Why would a door obey a password?  And why that word, which I knew was a kind of seed.

(For more—much more—see:  https://en.wikipedia.org/wiki/Sesame#Allergy )

This sat somewhere in my memory until I read:

“But close under the cliff there stood, still strong and living, two tall trees, larger than any trees of holly that Frodo had ever seen or imagined…

(JRRT)

‘Well, here we are at last!’ said Gandalf.  ‘Here the Elven-way from Hollin ended.  Holly was the token of the people of that land, and they planted it here to mark the end of their domain; for the West-door was made chiefly for their use in their traffic with the Lords of Moria.’ …

…they turned to watch Gandalf.  He appeared to have done nothing.  He was standing between the two trees gazing at the blank wall of the cliff, as if he would bore a hole into it…

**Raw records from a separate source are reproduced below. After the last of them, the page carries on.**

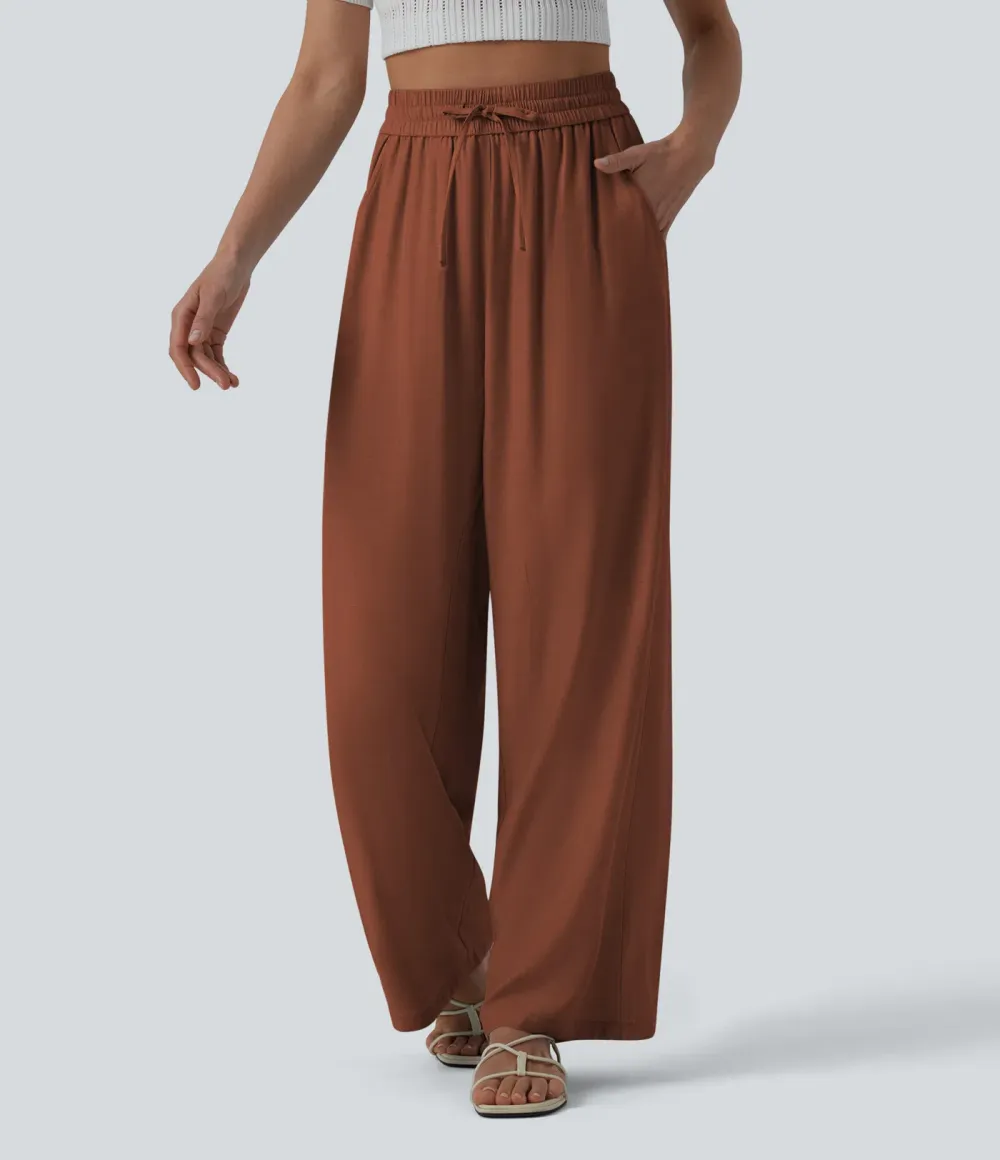 2026🔥High Waisted Drawstring Wide Leg Casual Linen-Blend Trousers with Pockets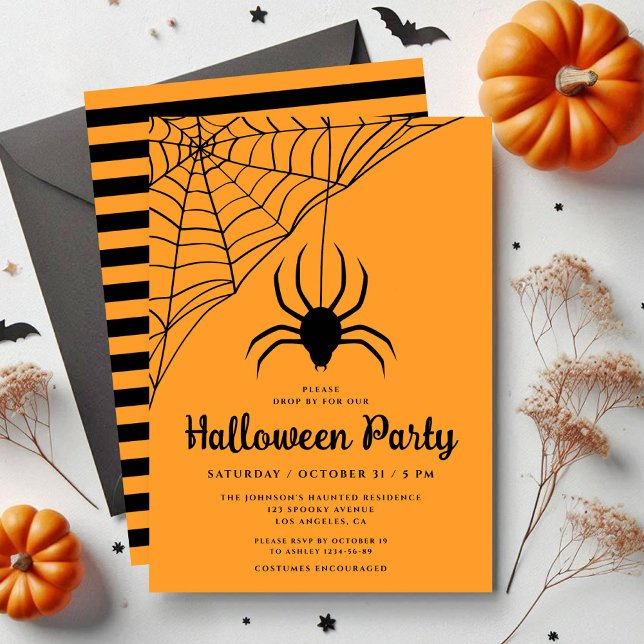 Convite Festa de Dia das Bruxas de Aranha Negra (Cute Black Spider Halloween Party Invitation)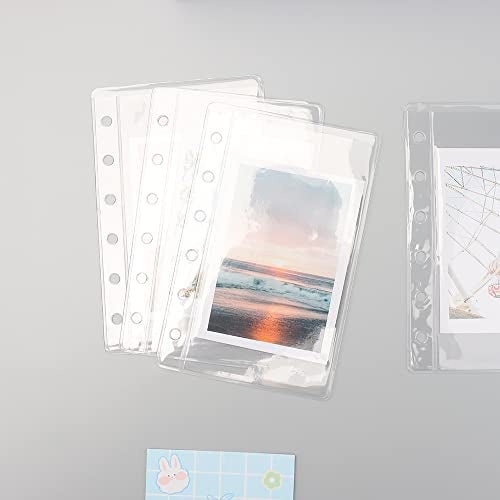 AxeWoodz A7 Binder Pockets, 12pcs PVC Binder Pouches, Loose Leaf 6 Holes Top Open Cash Budget Envelopes, Clear Binder Pouches for Protectors Organize Photos, Cards, Bills (A7) - Image 5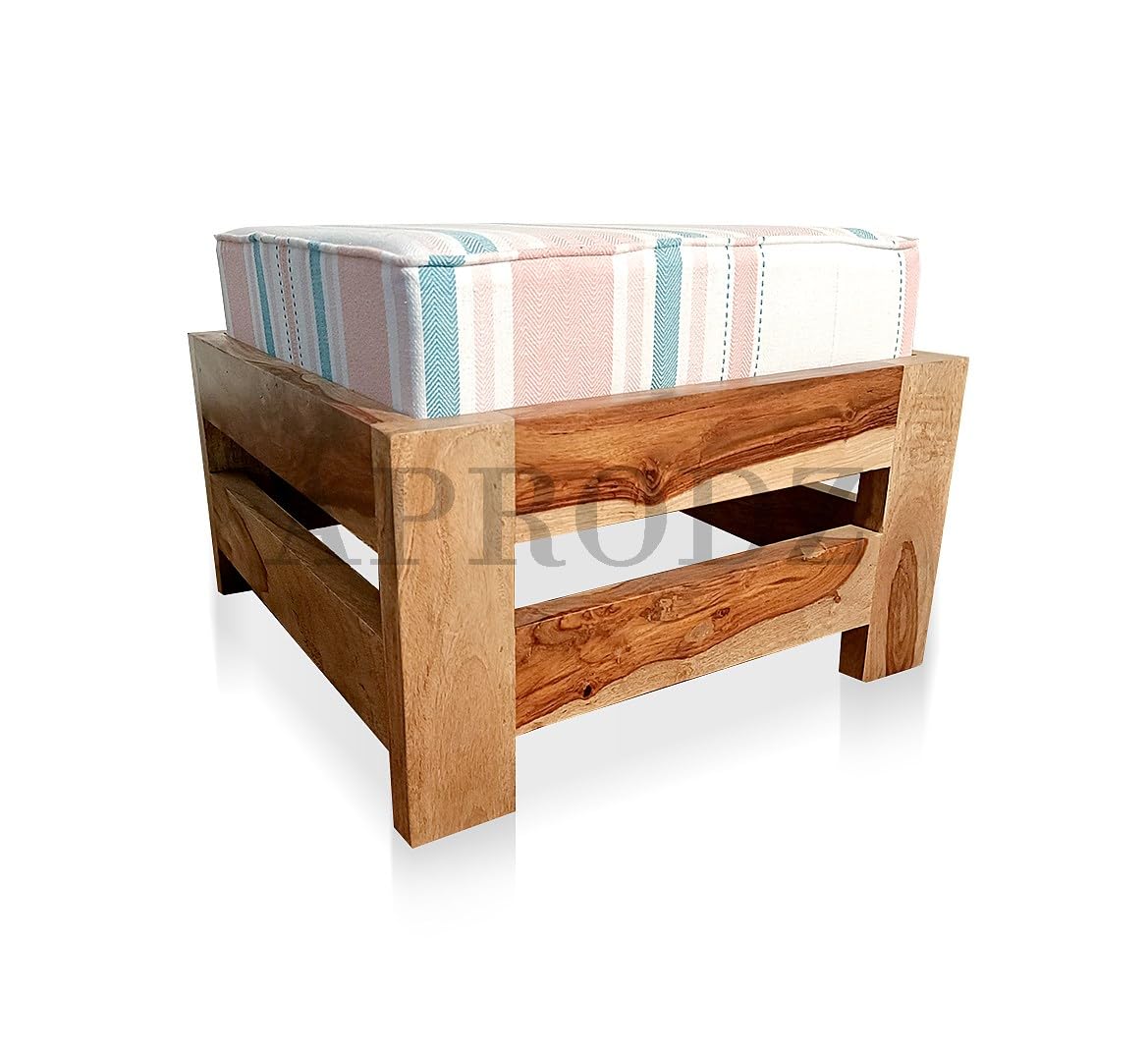 APRODZ Sheesham Wood Footstool with Cushion - Natural Finish - Set of 2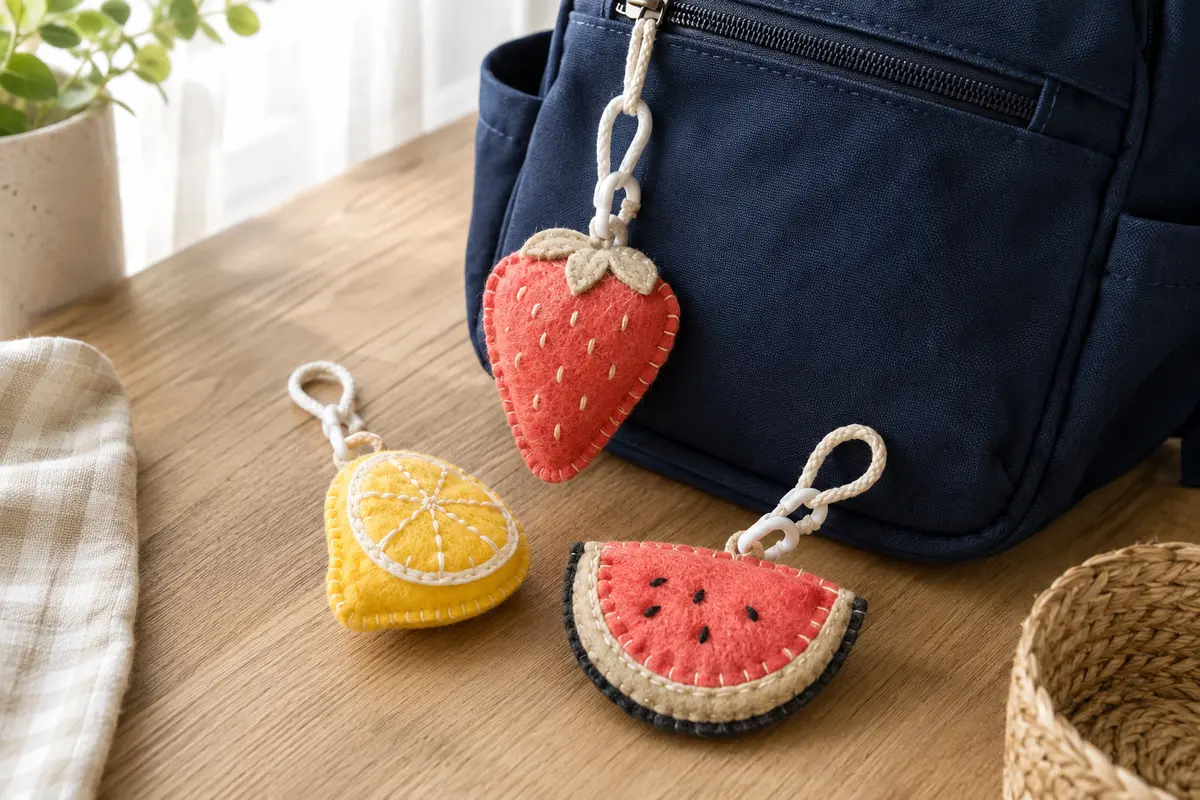 Bag charms fruits en feutrine représentant citron fraise et pastèque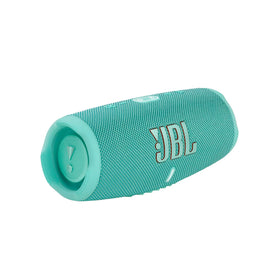 JBL Charge 5 Teal front view showing compact portable design for outdoor use.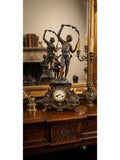 Rare French Belle Époque Figural Mantel Clock - Two Children with Flower Garland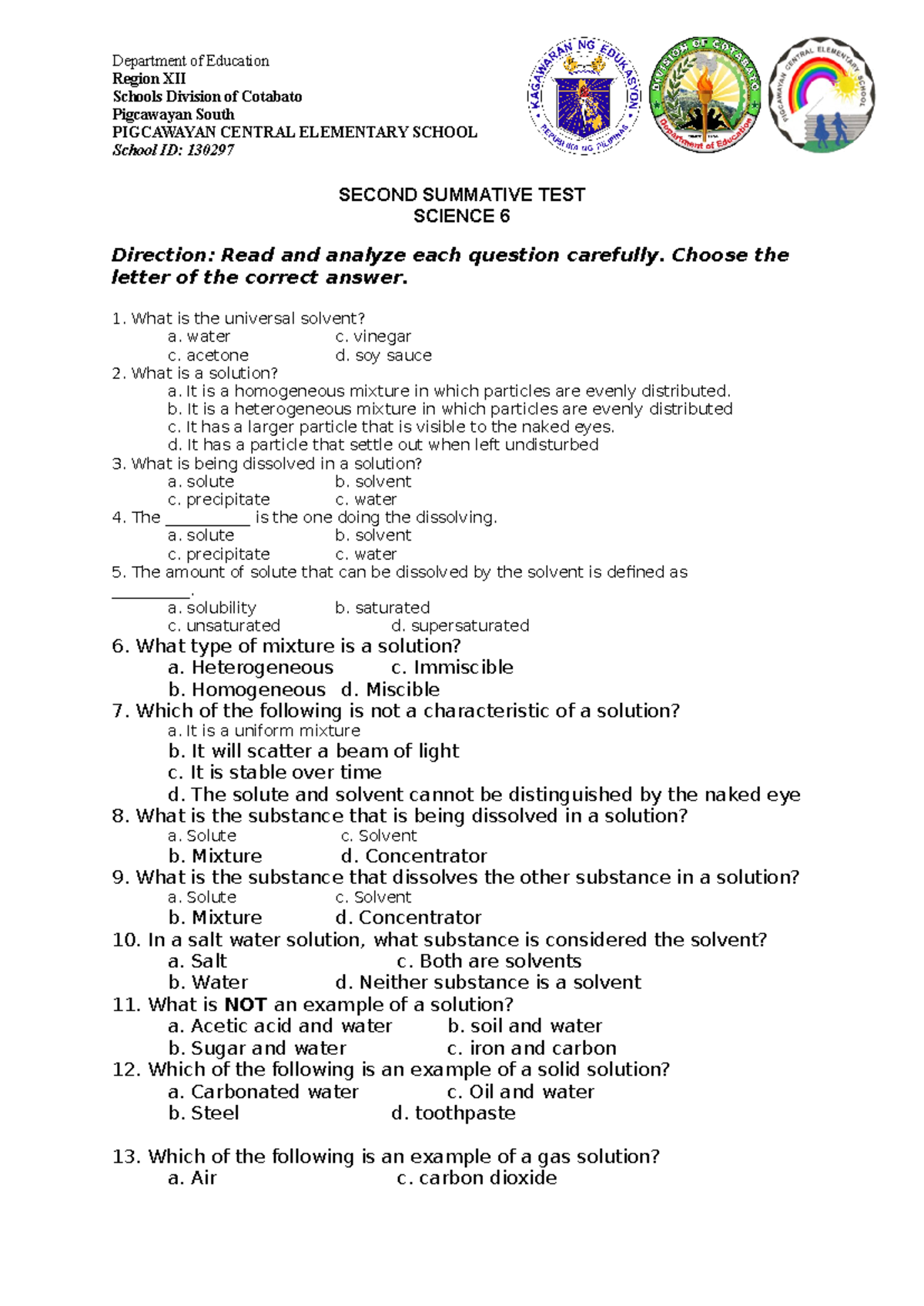 Science - 2ND Assessment - SECOND SUMMATIVE TEST SCIENCE 6 Direction ...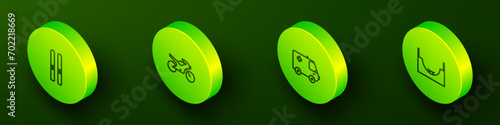 Set Isometric line Ski and sticks, Motorcycle, Ambulance emergency car and Skate park icon. Vector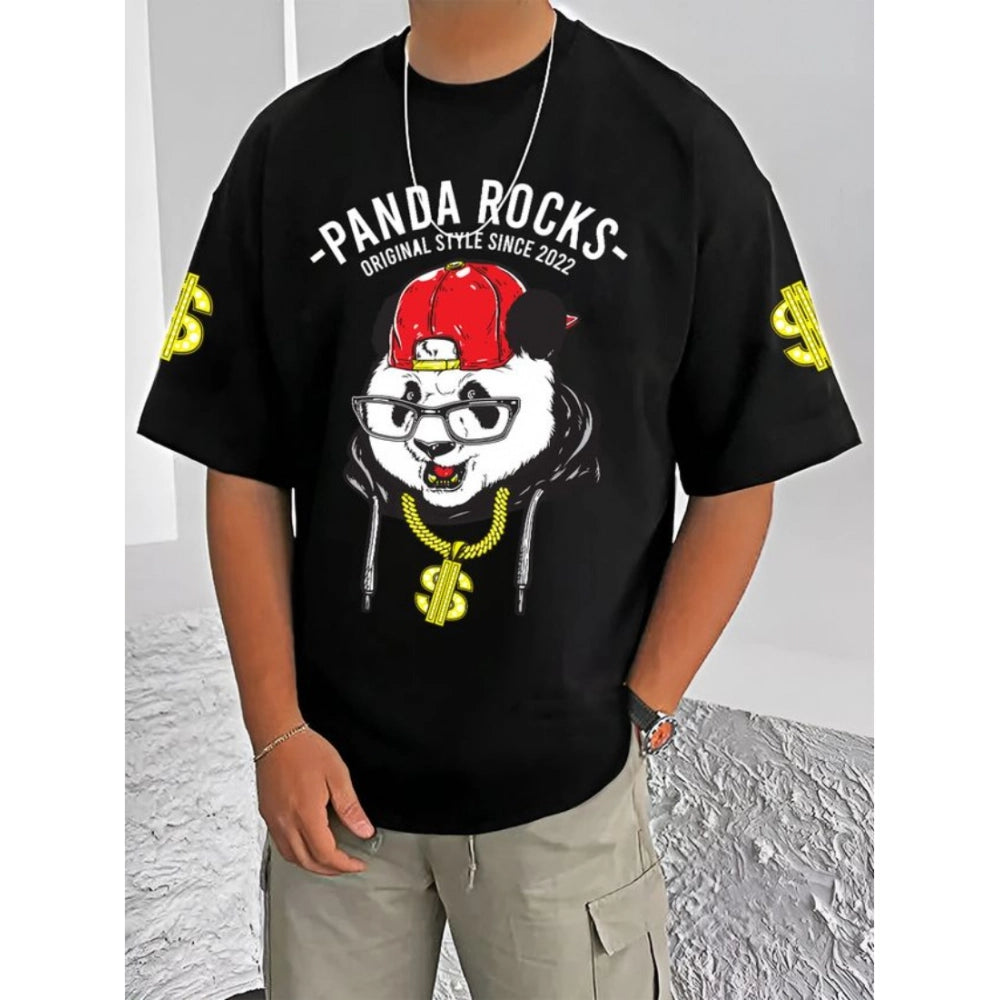 Printed Cotton Blend Round Neck Half Sleeve T-Shirt for Men (Style 3) - Black - POPNOVA - photo 1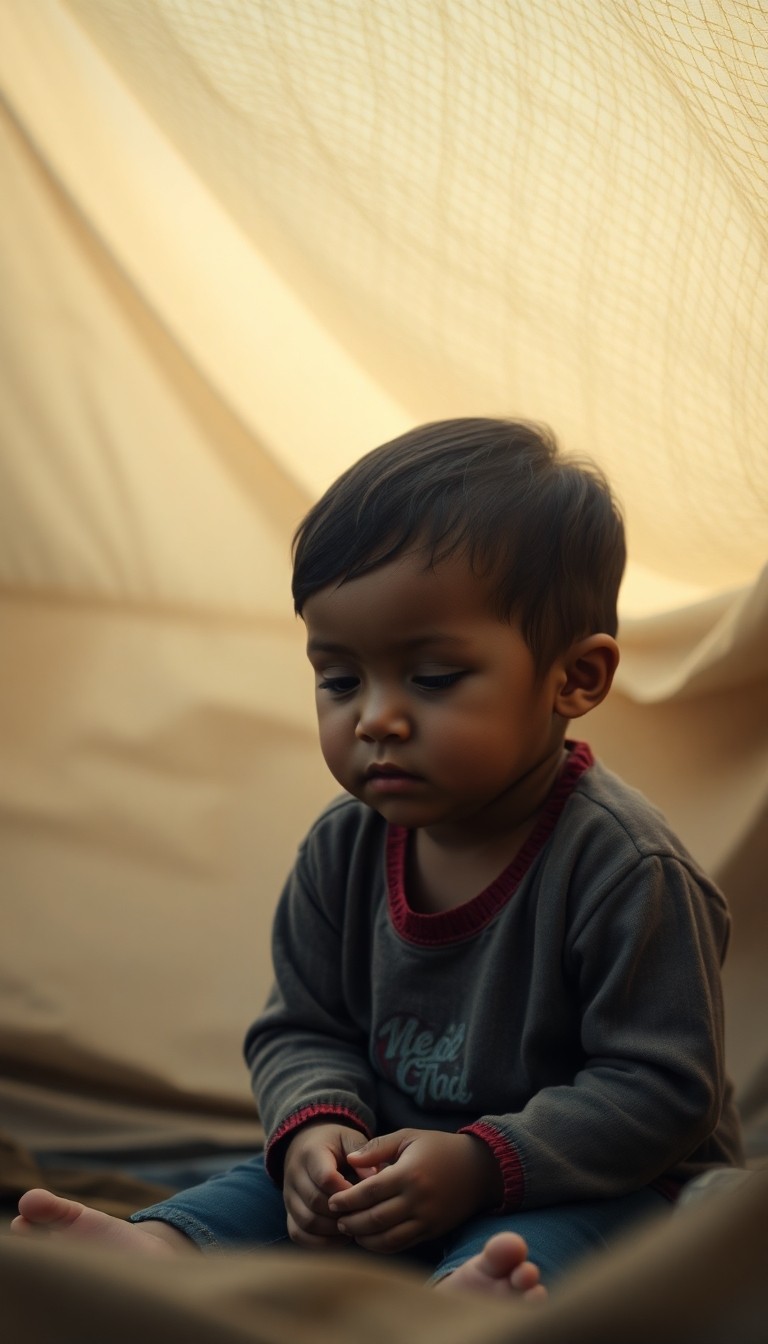 A child sitting quietly inside a temporary shelter, looking down with a subtle e...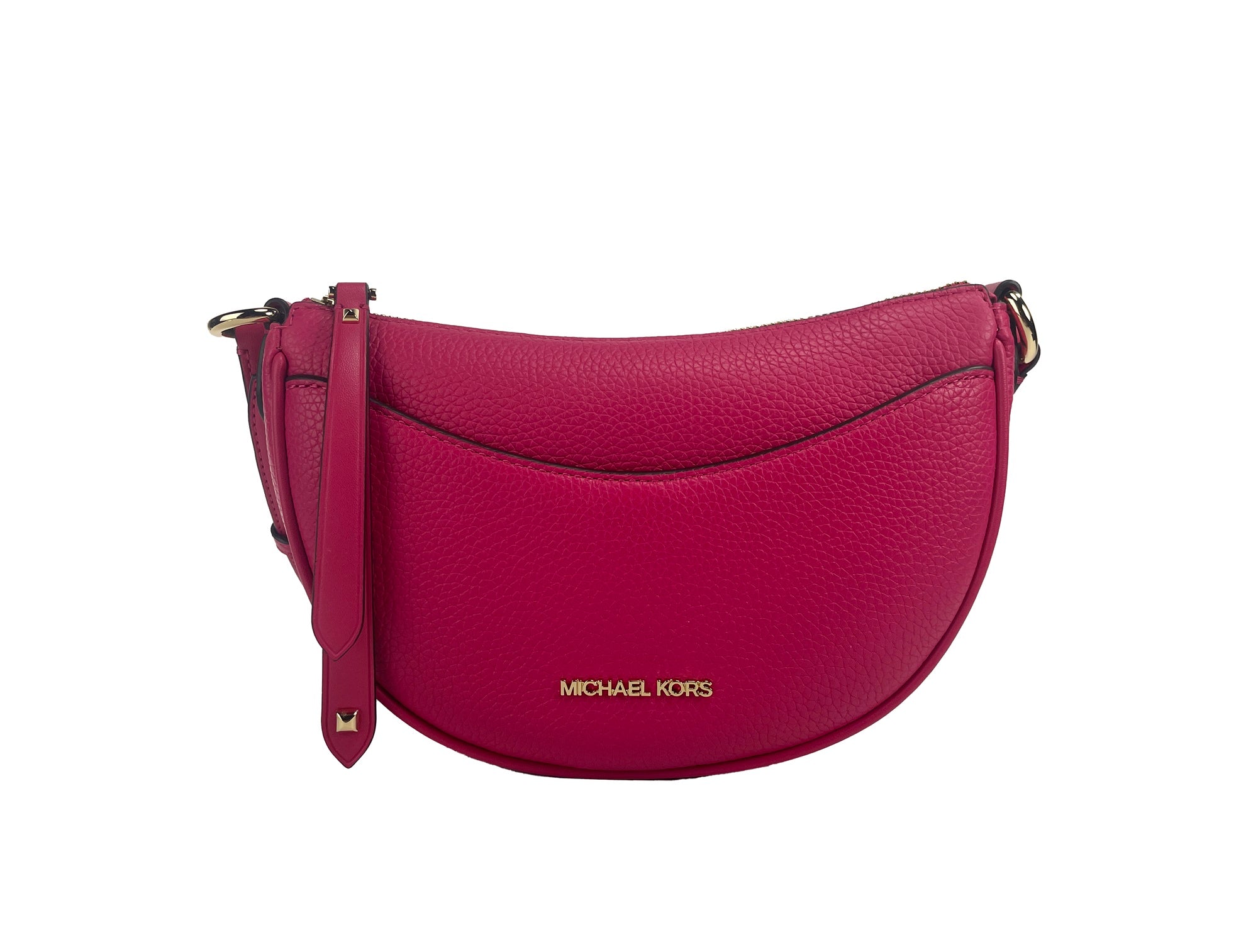 Dover Small Pink Half Moon Crossbody Bag PurseStyle: Michael Kors Dover Small Half Moon Crossbody Bag (Electric Pink) Material: Pebbled Leather Features: 3 Inner Card Slots, Adjustable Crossbody Strap, Jacquard Lining, Zip Closure, Outer Slip Pocket Measu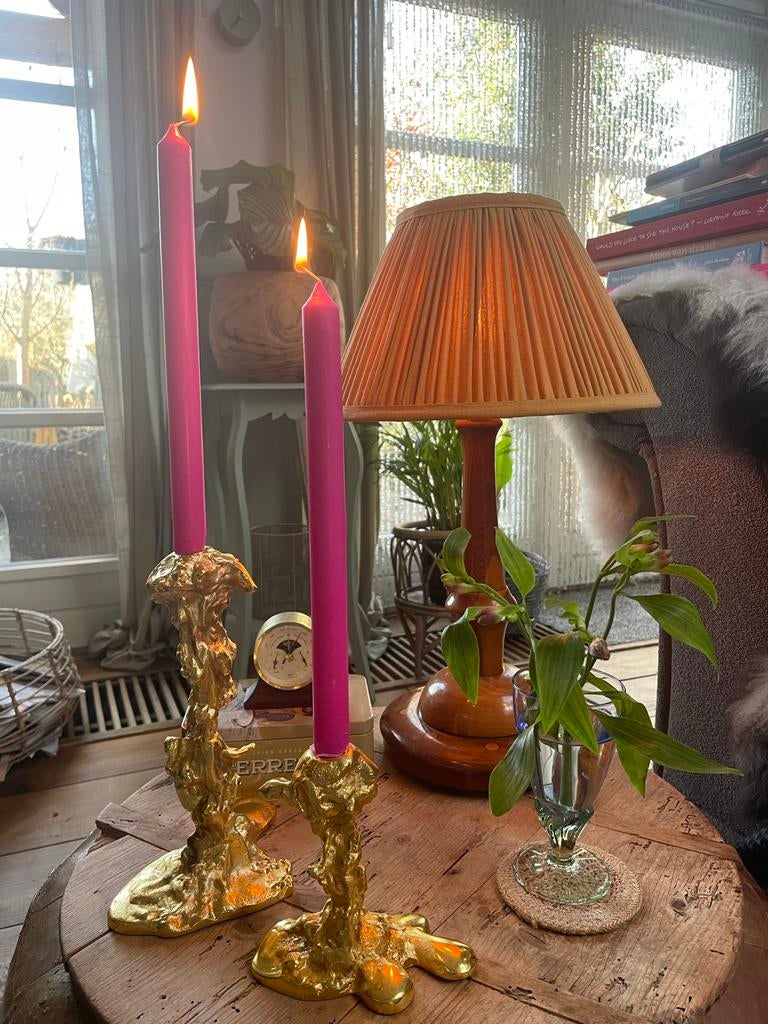 Polls Potten Gouden Drip Kandelaars - Set van 2, Overige kleuren, Ophalen of Verzenden, Zo goed als nieuw, Metaal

 ‘Dwarf-doors are not made to be seen when shut,’ said Gimli.  ‘They are invisible, and their own makers cannot find them or open them, if their secret is forgotten.’

‘But this Door was not made to be a secret known only to Dwarves,’ said Gandalf…’Unless things are altogether changed, eyes that know what to look for may discover the signs.’

He walked forward to the wall.  Right between the shadow of the trees there was a smooth space, and over this he passed his hands to and fro, muttering words under his breath.  Then he stepped back.

‘Look!’ he said.  ‘Can you see anything now?’

…Then slowly on the surface, where the wizard’s hands had passed, faint lines appeared, like slender veins of silver running in the stone…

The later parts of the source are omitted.